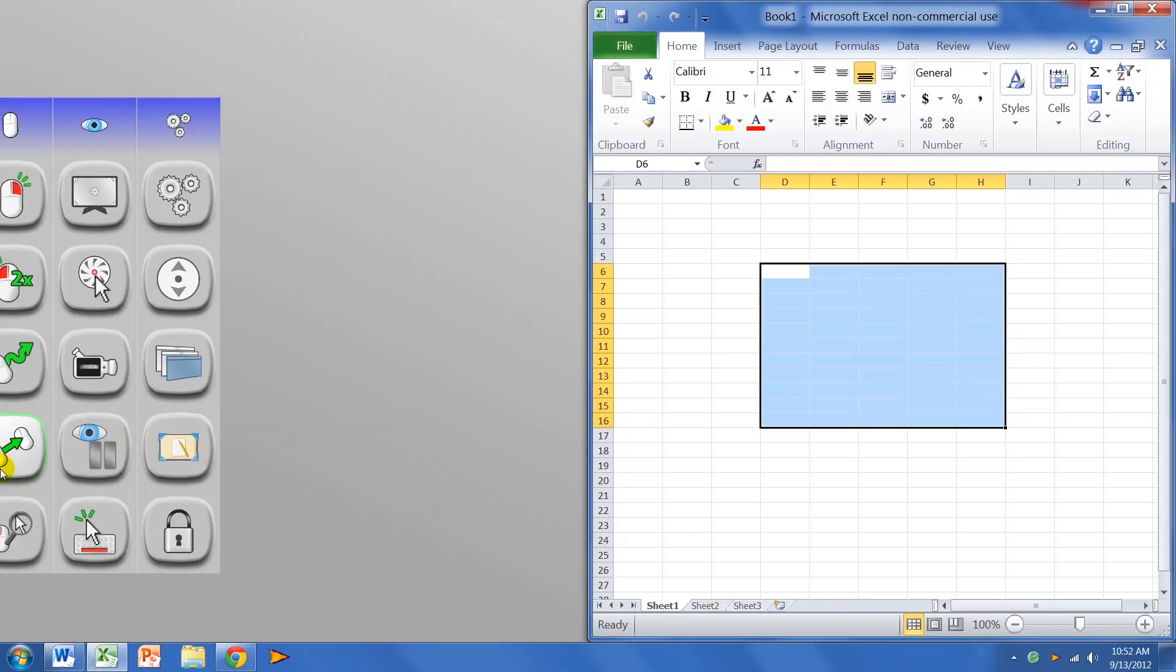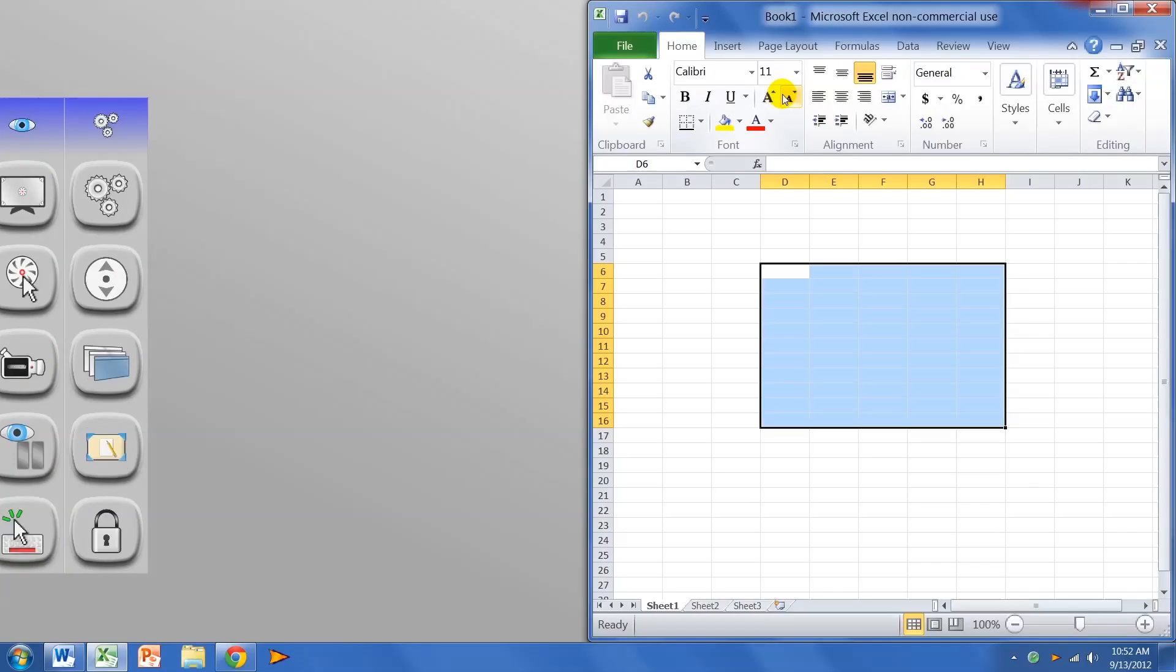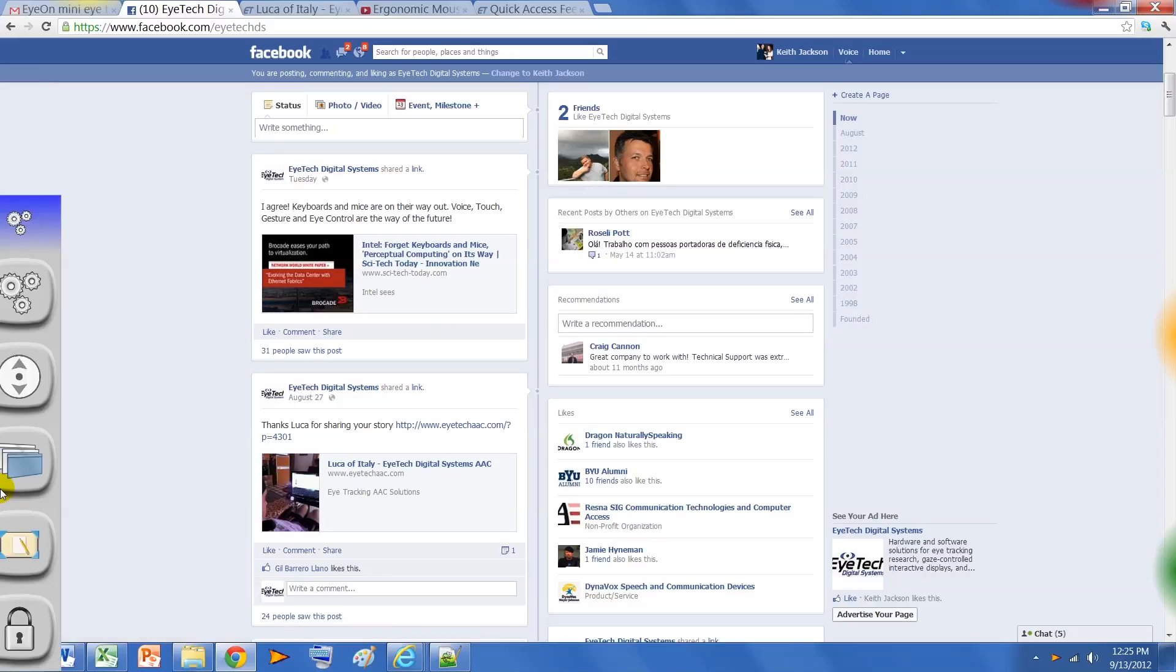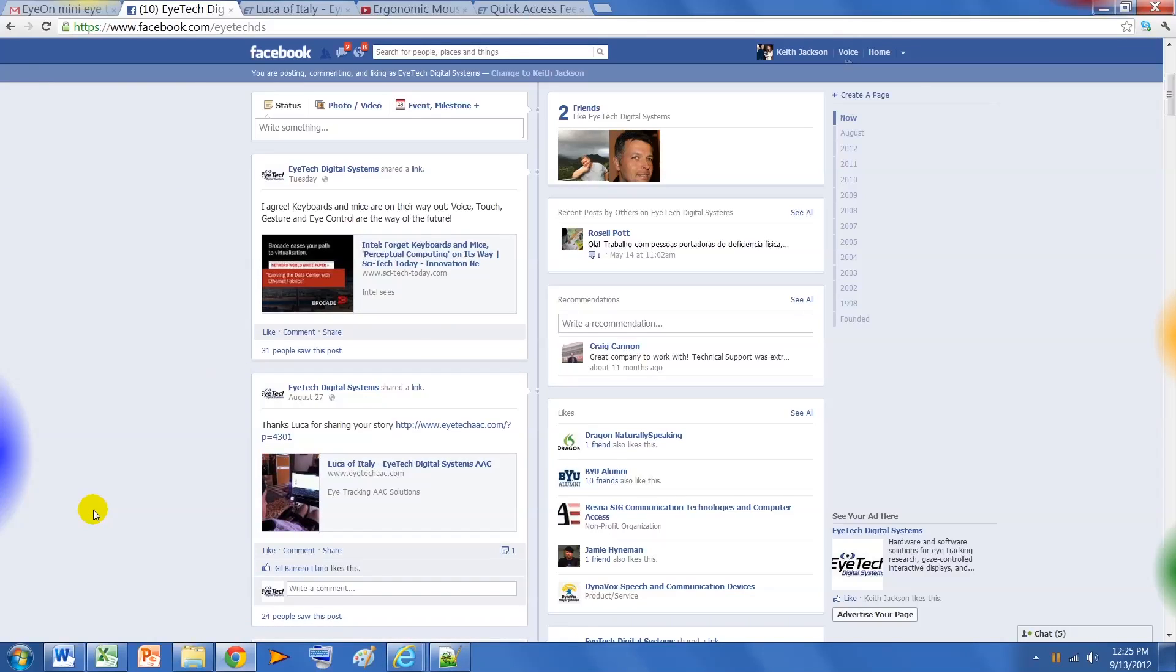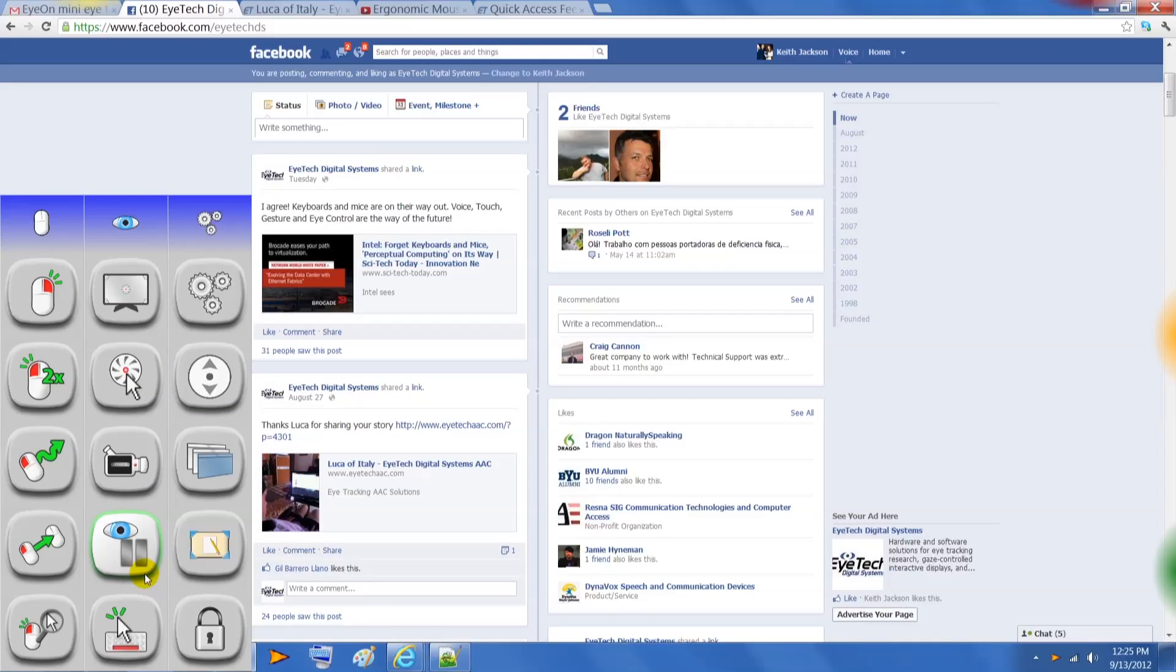Our new zoom feature offers real-time zoom, and is easier to use than ever before. Another feature is our eye pause. This feature is used to hide and disable the cursor from clicking, so you can read a document, surf the web, or just rest your eyes. Simply look over the blue hotspot to reactivate the cursor.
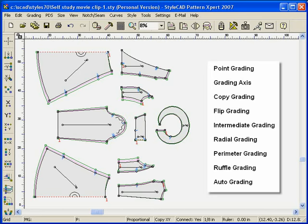In this lesson, we will show you various grading methods supported by StyleCAD, including some advanced features.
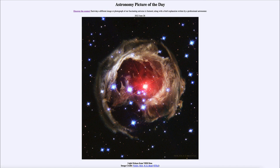So that was our picture of the day for June 26th of 2022, titled Light Echoes from V838 Mon. We'll be back again tomorrow for the next picture, a preview to be Gummy Mountain Stars — we'll see what that is about tomorrow. And until then, have a great day everyone, and I will see you in class.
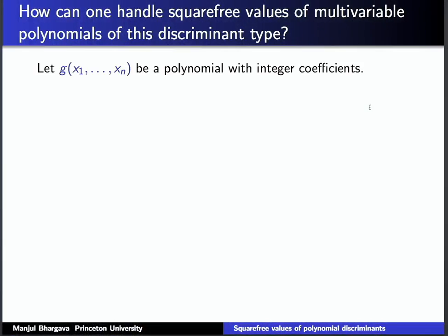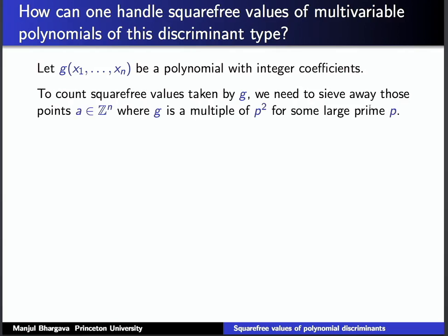So how do we get at the density of square-free values of the discriminant polynomial? Suppose we have a general polynomial g in n variables with integer coefficients. To count square-free values, we need to sieve away those points a ∈ ℤⁿ where the polynomial is a multiple of p² for some large prime p. That's always where the problem is in these sieves — large primes whose square divides your values are hard to handle when p is much larger than the range of the variables.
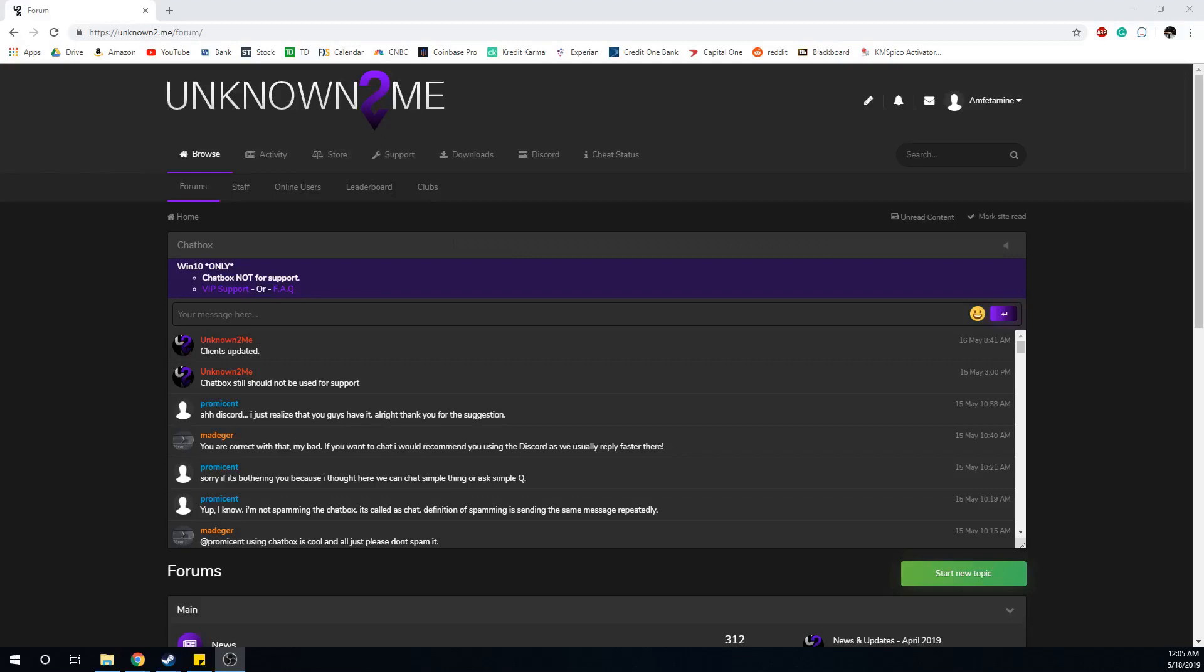Hey what's going on guys, it's your boy Easy Weezy here. In today's video I'm going to be showing you how to install, use, and set up the Unknown to Me strafe optimizer hack as well as the bunny hop hack.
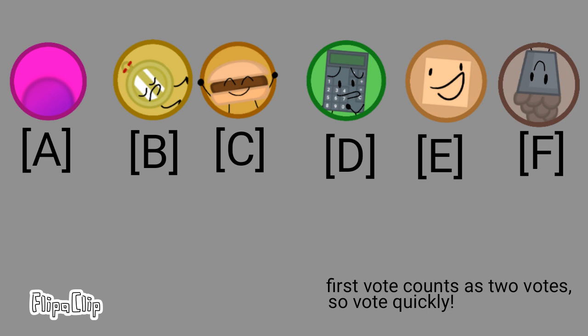So viewers, now is your time to shine by voting on who you want to be eliminated.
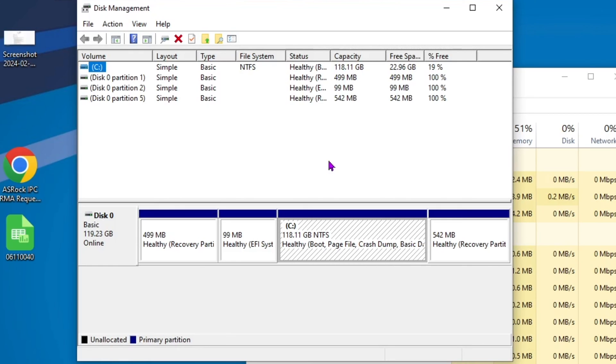You can remove stuff from your download folder that you don't necessarily need that's still sitting there, any applications that you may not be using anymore, just freeing up some space in general.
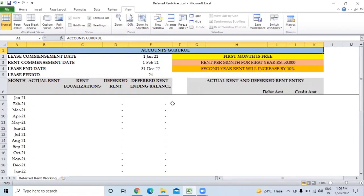Hey guys, welcome back to our channel Accounts Guru Cool - Learn Accounting Online. In our last video we discussed how deferred rent expenses work, and in this video we are going to do the practical - we are going to take examples and based on that we are going to know what accounting entry you have to pass, how the deferred rent in our balance sheet liability side is going to work, and how to do the reversal. We're going to add this into the description as well so you can download it and practice. Please watch the video till the end, like it, share it, and subscribe to our channel.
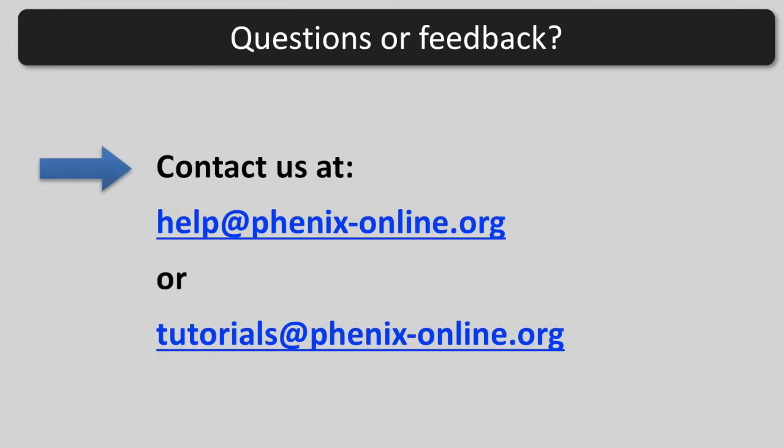If you have questions or feedback, you're welcome to contact us at help at phoenixonline.org or tutorials at phoenixonline.org.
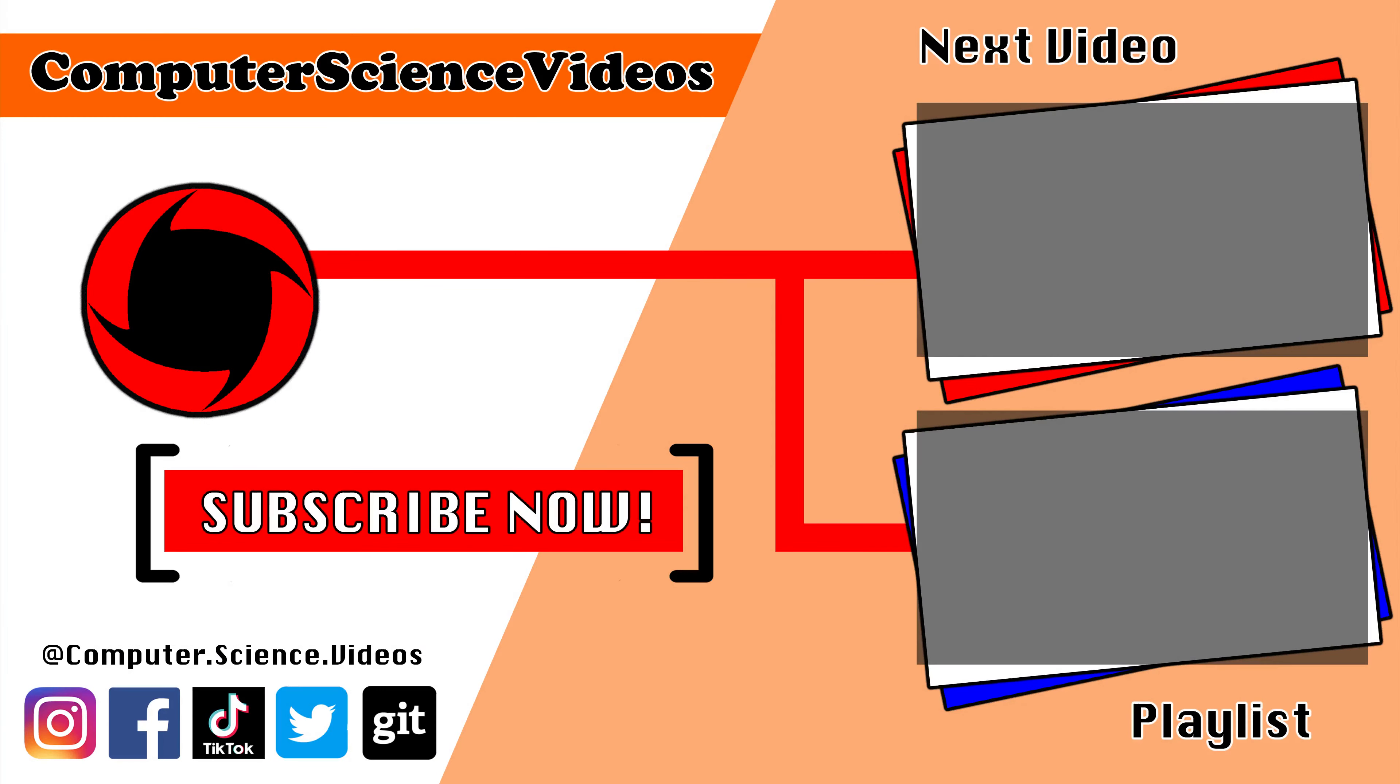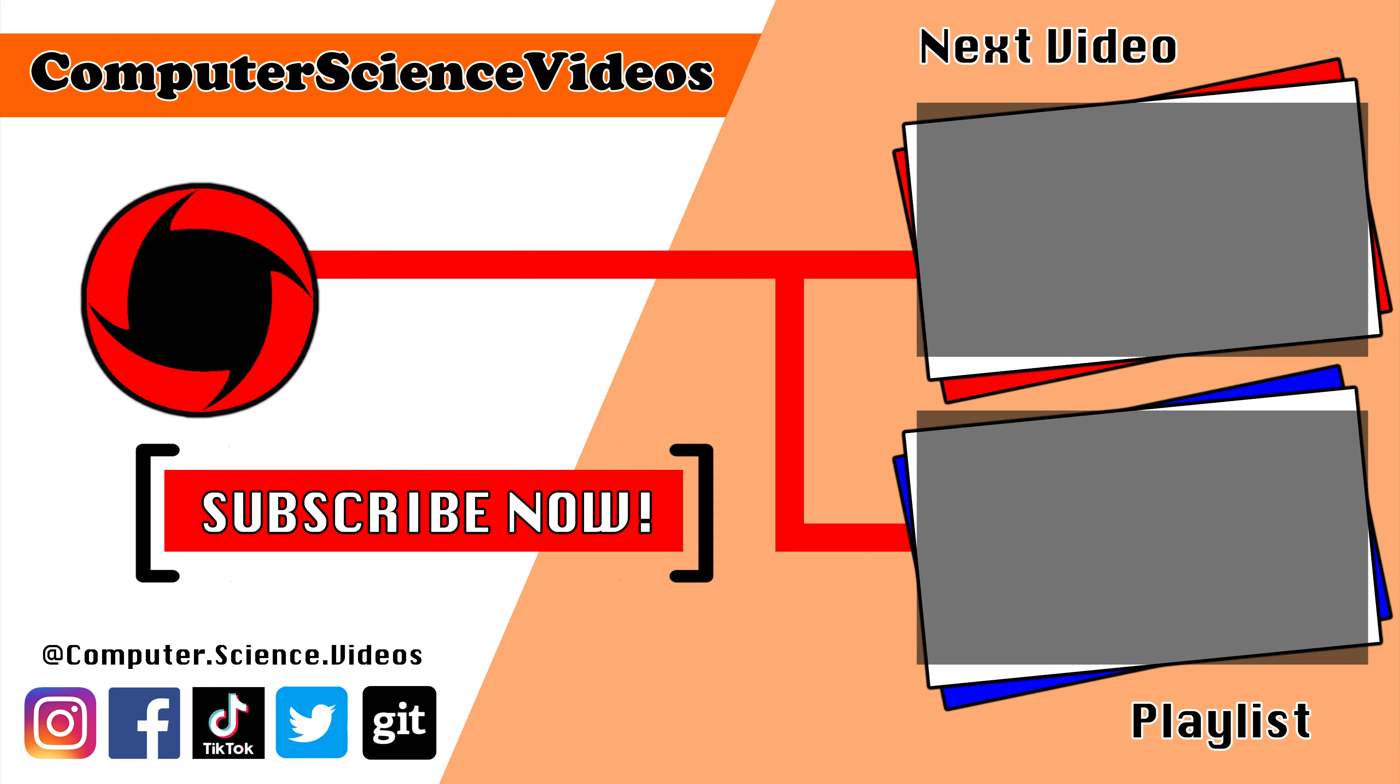Thank you for making it towards the end of the video. Be sure to subscribe to my channel Computer Science Videos. Be sure to check out the previous video on screen now, or you can ideally click on the playlist and watch all the journey for Computer Science Videos from the start until now.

□ □ □ □ □

Try it
Lines from the one holding "If you have" down to the last line of the entries above must be retyped exactly, inclusive of both, with no pictures and nothing else.

Solved exercise
If you have questions or feedback, you're welcome to contact us at help at phoenixonline.org or tutorials at phoenixonline.org.
Thank you for making it towards the end of the video. Be sure to subscribe to my channel Computer Science Videos. Be sure to check out the previous video on screen now, or you can ideally click on the playlist and watch all the journey for Computer Science Videos from the start until now.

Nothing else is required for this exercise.